Problem to work on: In the listing that follows, print every line exactly and leave the images out.

Source data:
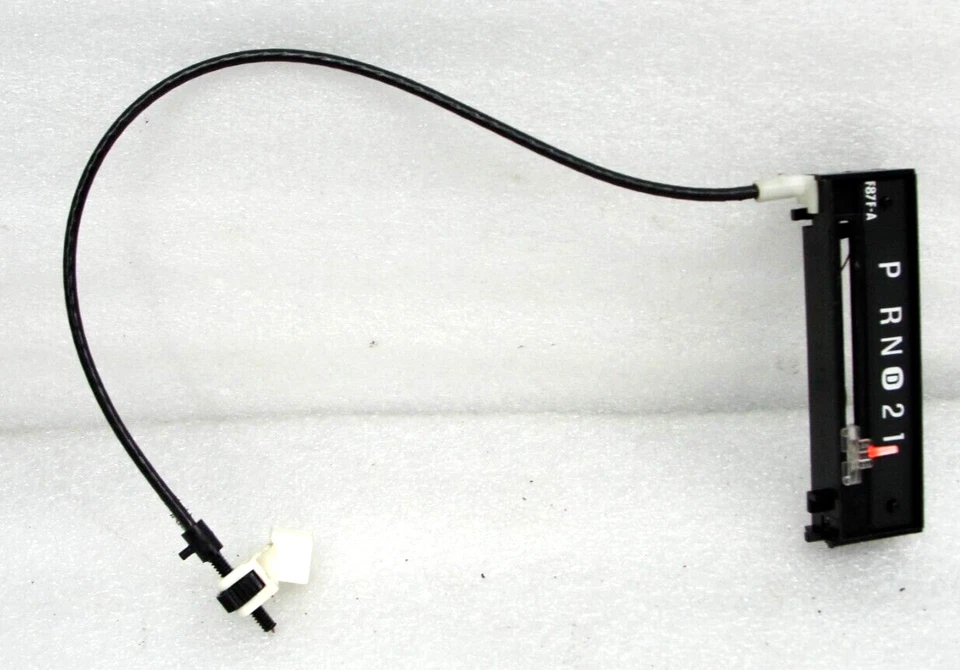 Conjunto indicador cambio marcha Ford Explorer Ranger Mountaineer PRNDL 95-11 OEM Foto 4 de 4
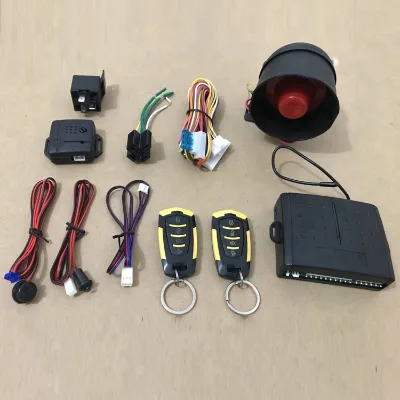 Accesorios Para Autos Milano Universal Remote Control Alarm System Wireless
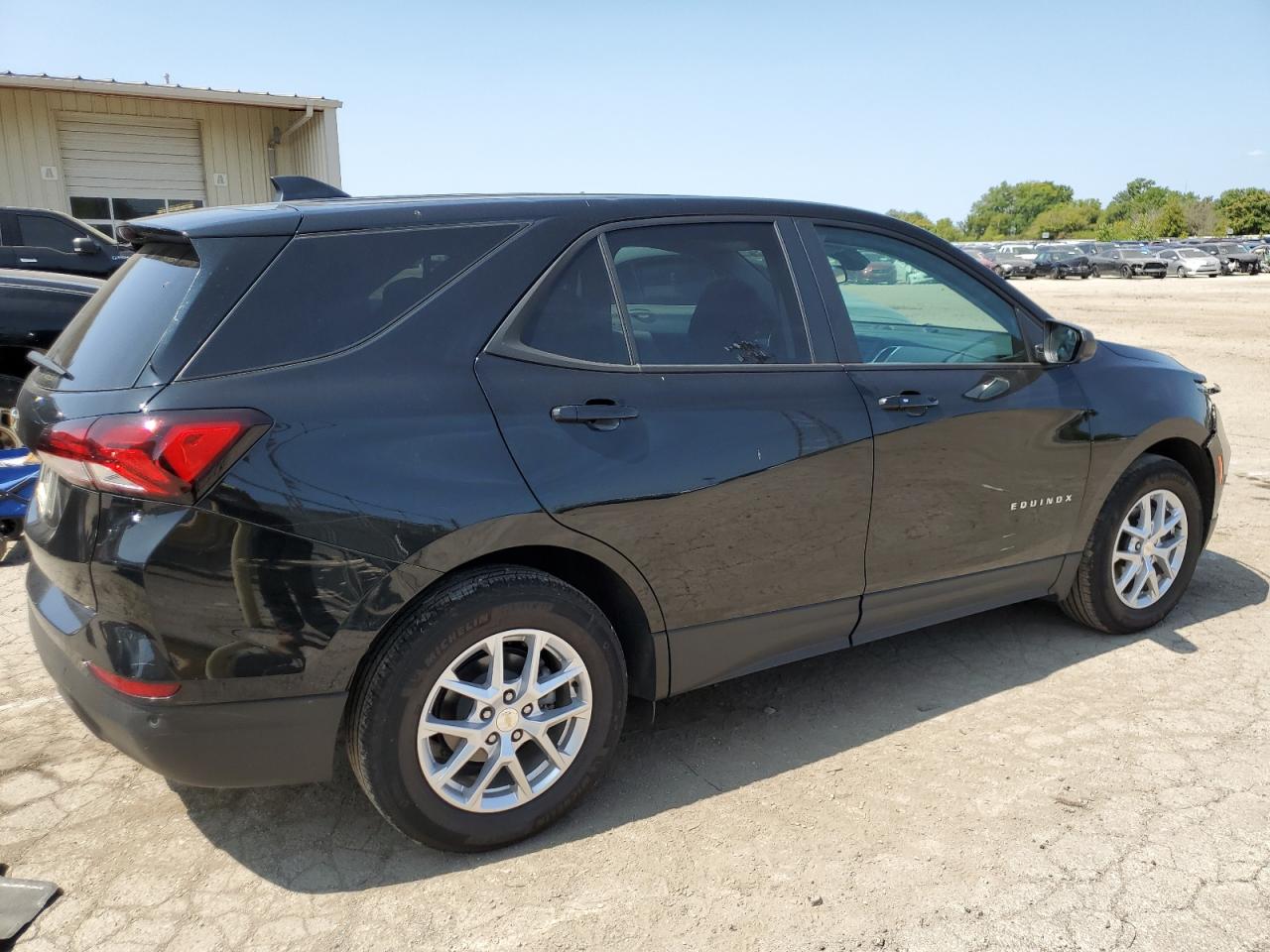 2023 CHEVROLET EQUINOX LS VIN:3GNAXHEG1PL229828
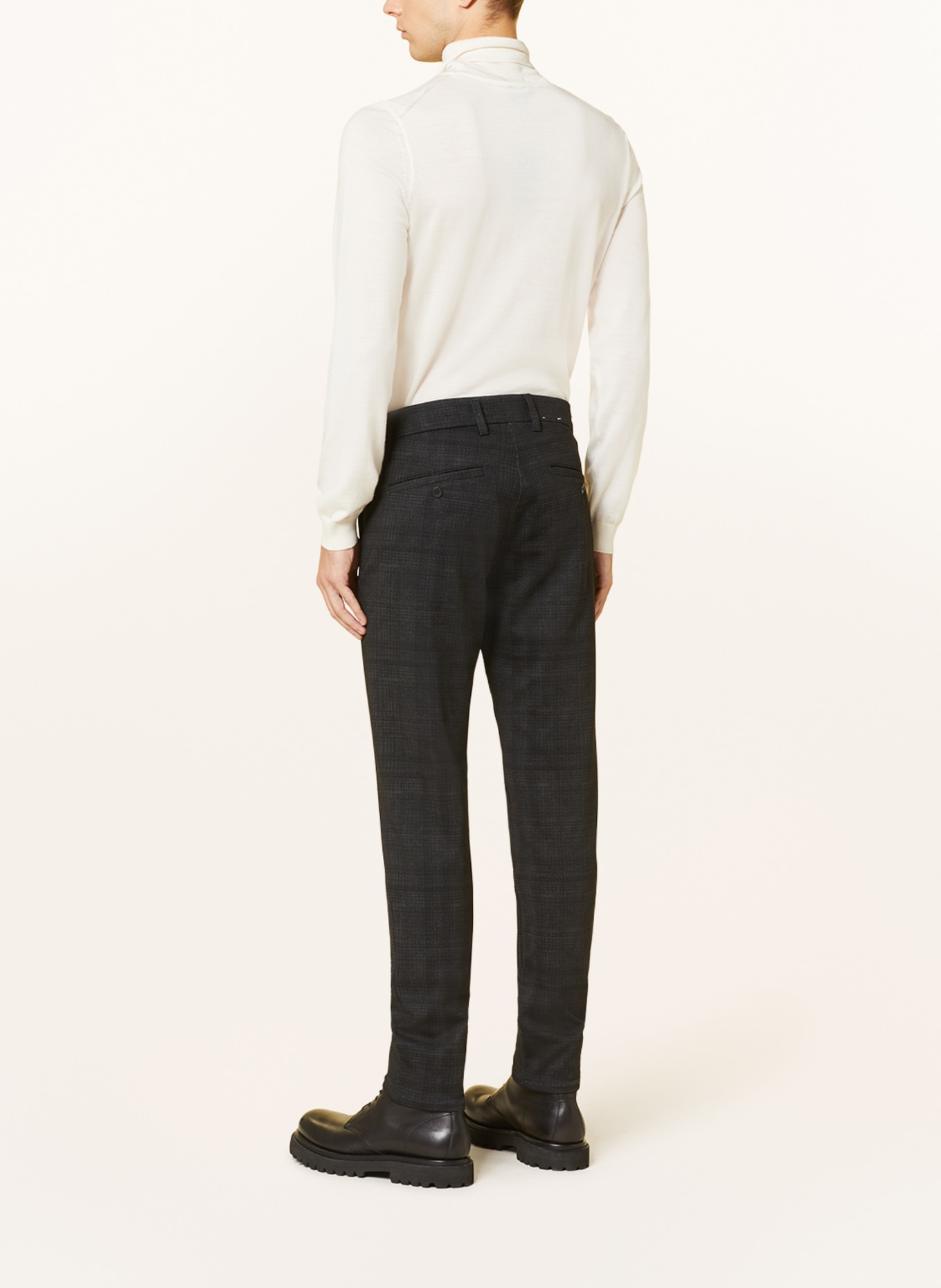 MAC Chino kalhoty LENNOX Modern Fit, Barva: ČERNÁ (Obrázek 3)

Exercise result:
 Conjunto indicador cambio marcha Ford Explorer Ranger Mountaineer PRNDL 95-11 OEM Foto 4 de 4
 Accesorios Para Autos Milano Universal Remote Control Alarm System Wireless
 2023 CHEVROLET EQUINOX LS VIN:3GNAXHEG1PL229828
 MAC Chino kalhoty LENNOX Modern Fit, Barva: ČERNÁ (Obrázek 3)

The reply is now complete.